OPEC dan sekutunya, termasuk Rusia, sepakat memangkas produksinya sebesar 1,2 juta barel per hari (bph). Aliansi yang dikenal dengan sebutan OPEC+ itu mulai mengimplementasikan kebijakan itu sejak 1 Januari 2019.

Pada Rabu (20/2), sumber Reuters yang berasal dari delegasi OPEC+ menyatakan komite pengawas OPEC+ mencatat kepatuhan aliansi terhadap kesepakatan pemangkasan tersebut sebesar 83 persen.

Menteri Energi Arab Saudi Khalif al-Falih berharap pasar minyak akan seimbang pada April 2019. Al-falih juga berharap tidak ada kekurangan pasokan akibat pengenaan sanksi AS terhadap Venezuela atau Iran.


"Anda dapat melihat itu sebagai sinyal bahwa Arab Saudi akan melanjutkan pendekatan proaktif," ujar Direktur Utama Lipow Oil Associates Andy Lippow di Houston.

Selain itu, beberapa gangguan pasokan telah membuat pasokan mengetat lebih jauh.

Pekan lalu, perusahaan minyak pelat merah Arab Saudi Aramco menutup sebagian lapangan minyak lepas pantai Safaniyah setelah kabel listriknya putus. Kemudian, produksi minyak dari Lapangan El Sharara di Libya telah tertahan sejak Desember 2018.

Pengenaan sanksi AS terhadap Iran dan Venezuela juga turut mengurangi ketersediaan minyak mentah di pasar global.


Di sisi lain, kenaikan harga minyak terbatas. Pasalnya, gangguan pasokan diimbangi oleh ekspektasi kenaikan stok di AS. Hal itu menyusul penurunan tajam dari utilisasi kapasitas kilang di Midwest AS.

Survei Reuters memperkirakan stok minyak mentah bakal menanjak 3,1 juta barel pekan lalu, kenaikan lima pekan berturut-turut.

Analis memperkirakan persediaan minyak di hub penyimpanan utama AS Cushing, Oklahoma, bakal menanjak karena data menunjukkan utilisasi kapasitas kilang di Midwest AS turun dari 92,9 persen menjadi 84,2 persen pada pekan sebelumnya. Hal itu terjadi karena serangkaian gangguan pada listrik baik yang direncanakan maupun tidak.

Pada Selasa (19/2) lalu, Badan Administrasi Energi AS menyatakan produksi minyak shale akan menyentuh rekor tertinggi pada bulan depan sebesar 8,4 juta bph. Hal itu mengindikasikan sedikit perubahan pada perlambatan produksi minyak mentah AS dalam waktu dekat.

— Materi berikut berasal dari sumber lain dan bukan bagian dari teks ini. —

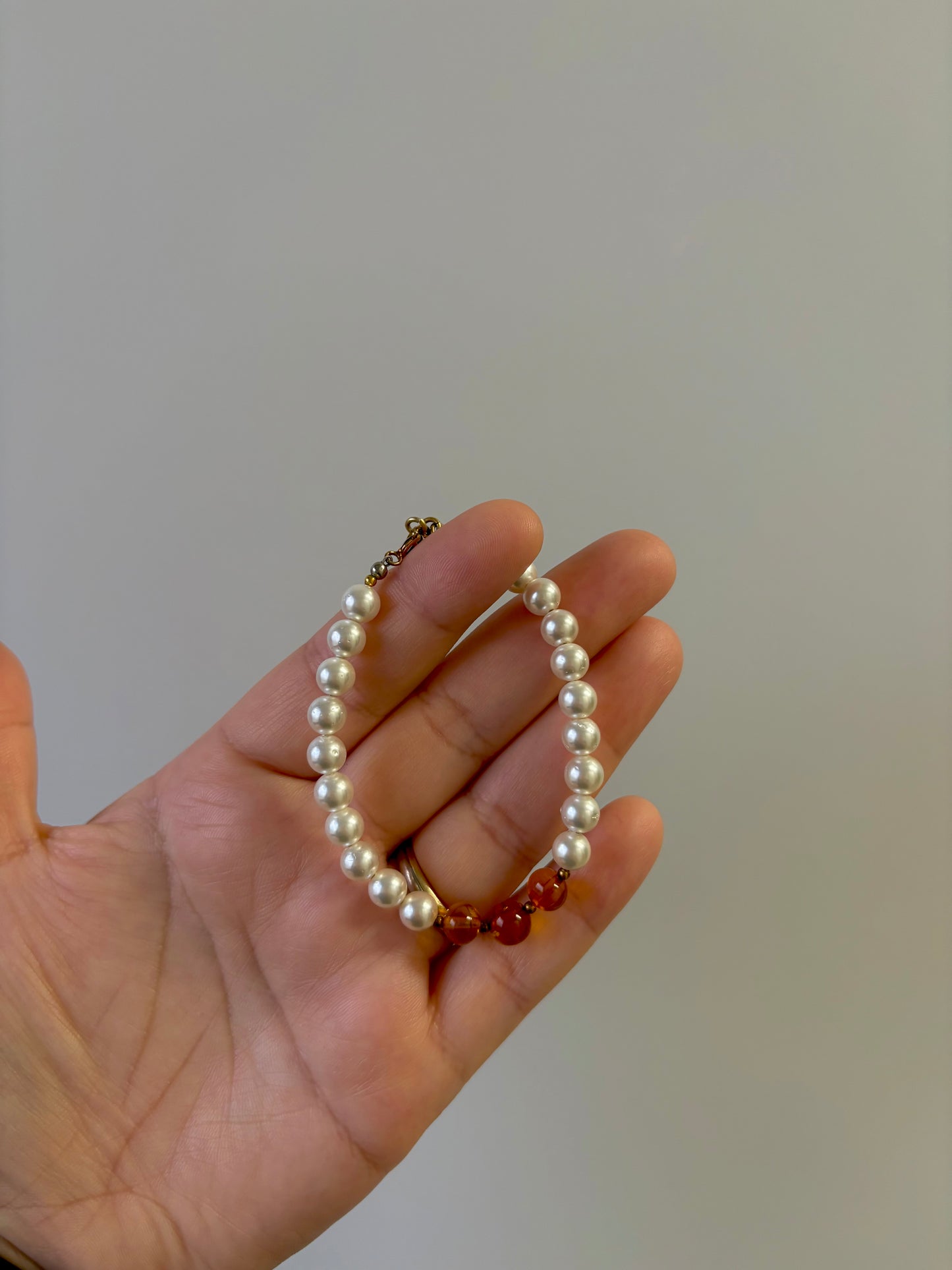 2ekansje - Parel en Barnsteen armband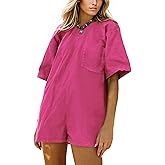 Athlisan Rompers for Women Casual Oversized Athletic Workout Tee Romper Jumpsuits Overalls with Pockets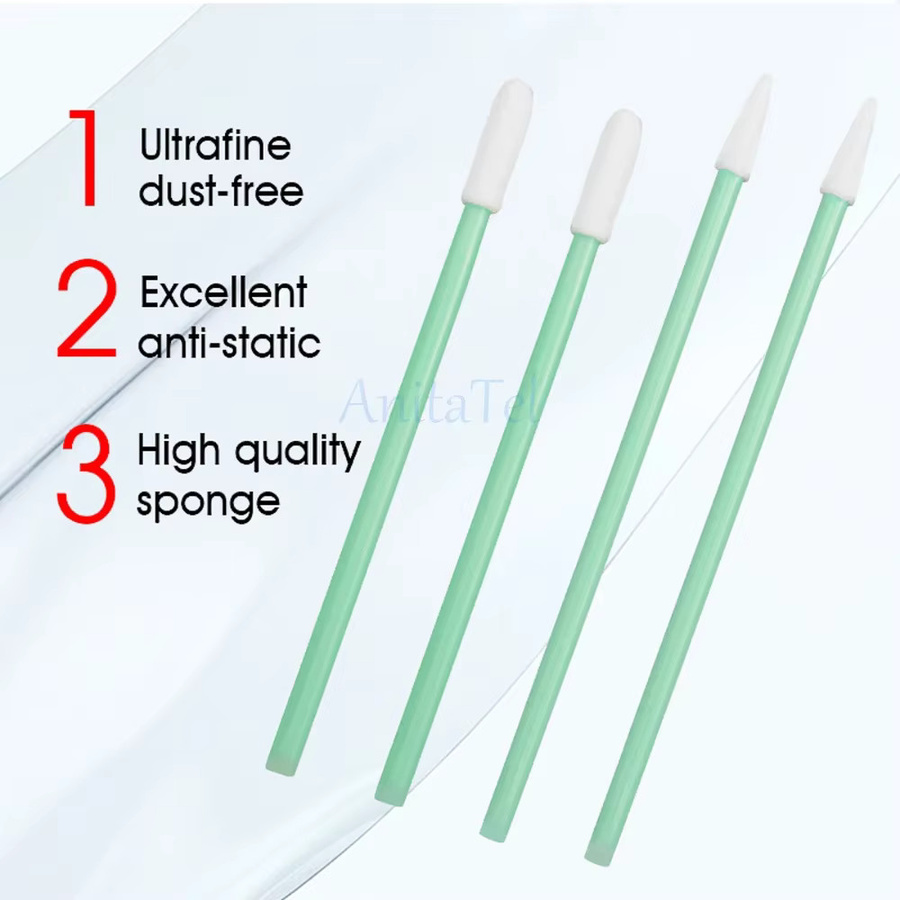 CAILI Glasfaser-Reinigungsstifte für LC, SC, FC und ST Steckverbinder und Adapter, 100 Stück, Weiß - Bild 1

BNP Paribas menyatakan melesatnya produksi minyak AS akan menekan harga hingga akhir tahun. BNP Paribas memperkirakan rata-rata harga Brent bakal merosot ke level US$67 pada kuartal keempat dan WTI ke rata-rata US$61 per barel.

"Pertumbuhan produksi minyak AS yang digerakkan oleh minyak shale akan diekspor ke pasar internasional dengan volume yang lebih besar sementara perekonomian global diperkirakan akan menyaksikan perlambatan pertumbuhan yang tersinkronisasi," ujar BNP Paribas dalam catatannya. (sfr/lav)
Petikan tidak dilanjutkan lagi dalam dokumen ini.